Atualmente todo profissional que atua na área criminal não pode ter dúvida de que a estrutura do processo penal brasileiro é acusatória, ainda mais após a promulgação da Lei 13.964/19 que instituiu expressamente o sistema acusatório no Brasil em seu artigo 3º A. E o que significa para os leigos um processo penal com estrutura acusatória? Significa dizer que pelas nossas regras, a função do Estado de investigar, acusar e julgar tem posições distintas no vértice da relação processual.
Embora haja uma vinculação entre aquele que investiga e acusa de forma embrionária por expressa indução do ordenamento jurídico, o Ministério Público ainda atua de forma híbrida, ou seja, um órgão independente e autônomo que dentro do processo penal brasileiro, fiscaliza os atos do poder público, ora atuando como detentor da ação penal, ora fiscalizando a lei, incluindo no ápice desse vértice, o Juiz destinatário final da prova que deve agir dentro das regras do jogo democrático.
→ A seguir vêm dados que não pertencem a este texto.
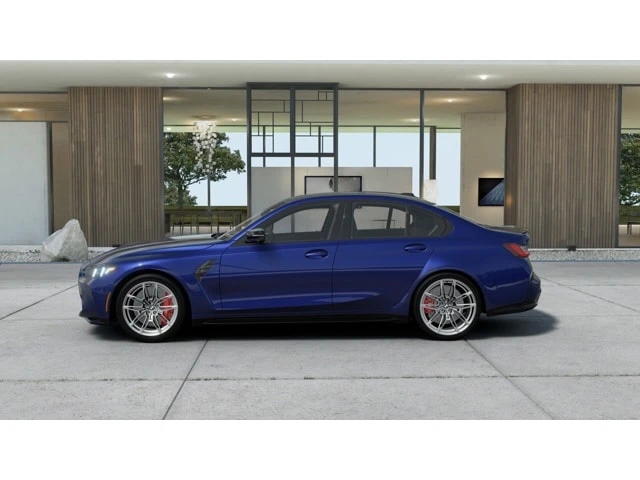 2027 BMW G80 M3 Sedan - Image 4 of 14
E nesse sentido, não é razoável esperar dos órgãos de investigação, uma atuação vinculada ao juiz da causa, planejando estratégias, combinado a forma de ouvir testemunhas, interceptando ligações de acusados fora dos parâmetros legais, muito menos avaliando servidores que seriam ou não os melhores para uma boa acusação.
Durante todo o tempo a defesa de acusados na “Operação Lava Jato” sempre se insurgiu quanto a esses métodos escusos que eram chancelados pelos Tribunais Superiores e que só agora foram reconhecidos totalmente nulos.
O importante dessas decisões, embora tardia, é que na visão da maioria dos juristas ela é muito positiva, porque a preocupação nunca foi com o caso concreto em si, mas sim com a estrutura acusatória que se relativizada, poderia certamente atingir um cidadão de menor expressão.
A Suprema corte tem esse papel de garantidor dos direitos do homem mesmo que para isso tenha que desagradar gregos e troianos. Sua função sempre foi contra majoritária na defesa dos direitos fundamentais não de uma só pessoa, mas sim de todos os cidadãos que por ventura venham a se deparar com um juiz imparcial.
Seria injusto medir a Magistratura e o Ministério Público do país pela régua de atuação de Moro e Dallagnol, mas esse julgamento é a toda evidência, um resgate do papel definidor da Suprema Corte independentemente de qual seja o caso analisado. Há uma esperança de que não se pode atuar sub-repticiamente nos porões da justiça num vale tudo desmedido.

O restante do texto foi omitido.